I’ve been watching a lot of Netflix this summer. I was especially pumped up for the newest season of “The Umbrella Academy” and gobbled down all ten episodes in one sitting the Friday it came out. The show is about a group of children who are born with super powers. They’re adopted by this billionaire who exploits the children and forces them to become vigilantes. The children grow up and have complex and complicated relationships with each other and their toxic adoptive father.
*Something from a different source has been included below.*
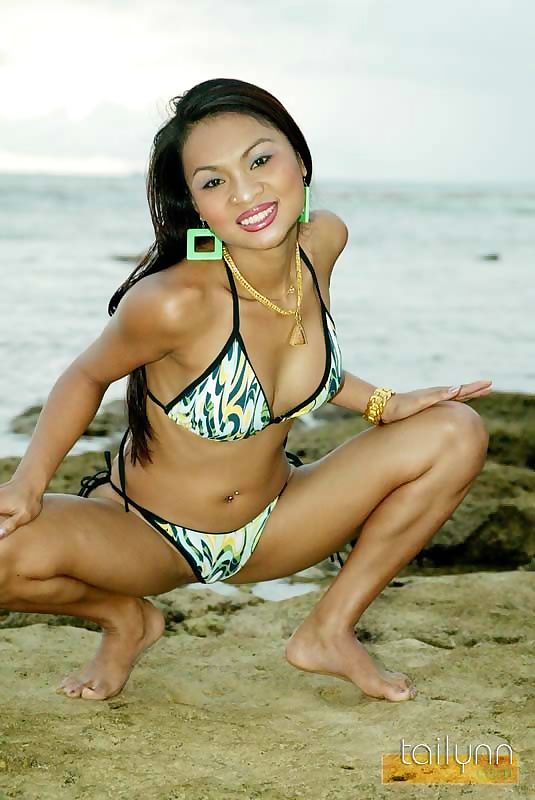 Asian cutie tailynn posing on a thai beach - part 552 page 1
I can relate, being adopted by a toxic parent. It’s trauma that I’ve been unpacking for the last several months with the watchful guide of my therapist. My biological mother wasn’t fit to take care of me. She most likely drank while she was pregnant. I never knew my biological father. My adoptive mother didn’t want children but my adoptive father insisted that I stay in our family (my adoptive mother is my biological aunt). More trauma when my parents got divorced. It was really nasty, especially when it came to custody. I went to live with my mom when I was in high school and didn’t see my dad often. At that time, my mom get remarried to an abusive man. I can still remember them fighting. One night, I was watching television in the living room when my mom stormed out her bedroom, with her husband screaming her. She hopped in her car and drove away, leaving me. I ran down the block after her, sobbing. She eventually came back and apologized.
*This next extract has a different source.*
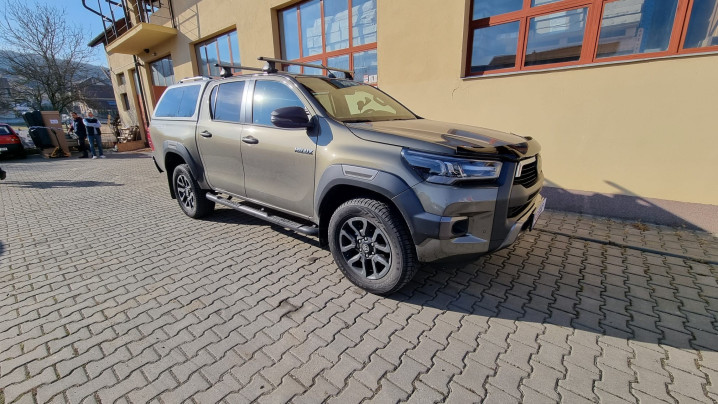 Montare hardtop, deflector capota, prag lateral, bare transversale pe Toyota Hilux 2020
I want to say that I love my parents. I really do adore my family and am grateful for them. I know they did the best they could even though I was troubling. I was a difficult baby. I spent the first two years of my life in foster care before I was legally adopted. My parents don’t know exactly what happened during those two years but I was developmentally delayed in some areas (like sleeping. I shook a lot in my sleep, waking myself every couple hours. I continued to do so throughout my childhood and my teenage years and still occasionally do it now. I never can get a good full night’s rest). I had a speech disorder and refused to talk until I was about five years old (I still lisp every now and then). I couldn’t be alone when I was a toddler. I was mean to animals. Miraculously, though, I did well academically. I loved school. I felt my first sting of depression when I was eight years old. I slept a lot. I couldn’t keep friends. I kept to myself. I was awkward (still am). I lied a lot. I had severe abandonment issues due to my adoption (with my bio mom leaving me) and my parents’ divorce. I went puberty at a young age and was body shamed frequently. I started starving myself in middle school. Binging soon followed. I also begin self-mutilating then and had my first suicide attempt in my preteens. Despite all this, my parents continued to love me and support as best as they could.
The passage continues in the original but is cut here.